* THE PROBLEM *
Every line from the one containing "Venta Directa de" to the one containing "Lampa podłogowa Emibig" in the records below, both included, must be set down exactly, and no other line.

* Scraped caption text data *
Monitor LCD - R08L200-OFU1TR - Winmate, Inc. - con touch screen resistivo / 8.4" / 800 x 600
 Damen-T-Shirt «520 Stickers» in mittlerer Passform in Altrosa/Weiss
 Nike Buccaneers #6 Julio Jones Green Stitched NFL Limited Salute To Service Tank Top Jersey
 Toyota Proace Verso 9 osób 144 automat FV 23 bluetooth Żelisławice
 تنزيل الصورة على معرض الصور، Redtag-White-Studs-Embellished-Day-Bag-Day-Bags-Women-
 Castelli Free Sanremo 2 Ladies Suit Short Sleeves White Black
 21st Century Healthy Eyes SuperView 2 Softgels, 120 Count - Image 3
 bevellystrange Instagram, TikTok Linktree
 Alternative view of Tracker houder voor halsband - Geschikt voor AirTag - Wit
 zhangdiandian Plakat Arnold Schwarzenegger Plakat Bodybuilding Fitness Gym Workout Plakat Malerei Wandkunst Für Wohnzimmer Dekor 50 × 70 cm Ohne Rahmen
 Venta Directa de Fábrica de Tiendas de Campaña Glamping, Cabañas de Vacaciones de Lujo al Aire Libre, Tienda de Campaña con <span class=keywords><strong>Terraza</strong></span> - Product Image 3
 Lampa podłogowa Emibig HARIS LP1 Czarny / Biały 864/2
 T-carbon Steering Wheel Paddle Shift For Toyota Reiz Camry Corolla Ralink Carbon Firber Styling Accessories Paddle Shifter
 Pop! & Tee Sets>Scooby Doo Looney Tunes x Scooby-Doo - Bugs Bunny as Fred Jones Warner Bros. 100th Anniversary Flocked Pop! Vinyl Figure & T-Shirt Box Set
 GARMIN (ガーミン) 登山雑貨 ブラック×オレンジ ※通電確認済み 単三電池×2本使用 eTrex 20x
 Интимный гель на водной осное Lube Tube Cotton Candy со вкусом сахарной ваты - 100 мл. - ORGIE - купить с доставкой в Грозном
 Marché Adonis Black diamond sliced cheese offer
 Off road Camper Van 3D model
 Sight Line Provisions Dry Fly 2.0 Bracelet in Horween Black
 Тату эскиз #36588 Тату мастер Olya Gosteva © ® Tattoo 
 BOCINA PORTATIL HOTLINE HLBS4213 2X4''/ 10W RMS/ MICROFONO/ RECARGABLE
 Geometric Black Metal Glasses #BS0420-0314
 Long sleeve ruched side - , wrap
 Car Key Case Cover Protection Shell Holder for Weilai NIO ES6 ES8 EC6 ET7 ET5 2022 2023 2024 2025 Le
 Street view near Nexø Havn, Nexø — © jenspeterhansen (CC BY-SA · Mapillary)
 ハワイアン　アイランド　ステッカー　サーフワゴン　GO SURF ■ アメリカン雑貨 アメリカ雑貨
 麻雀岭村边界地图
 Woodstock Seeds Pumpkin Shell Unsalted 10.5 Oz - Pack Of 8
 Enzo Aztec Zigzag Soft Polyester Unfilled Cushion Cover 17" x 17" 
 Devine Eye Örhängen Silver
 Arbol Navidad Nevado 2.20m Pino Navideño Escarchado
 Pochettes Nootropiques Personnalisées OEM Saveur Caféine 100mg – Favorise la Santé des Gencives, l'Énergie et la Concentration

* RESULT FOR THIS TASK *
 Venta Directa de Fábrica de Tiendas de Campaña Glamping, Cabañas de Vacaciones de Lujo al Aire Libre, Tienda de Campaña con <span class=keywords><strong>Terraza</strong></span> - Product Image 3
 Lampa podłogowa Emibig HARIS LP1 Czarny / Biały 864/2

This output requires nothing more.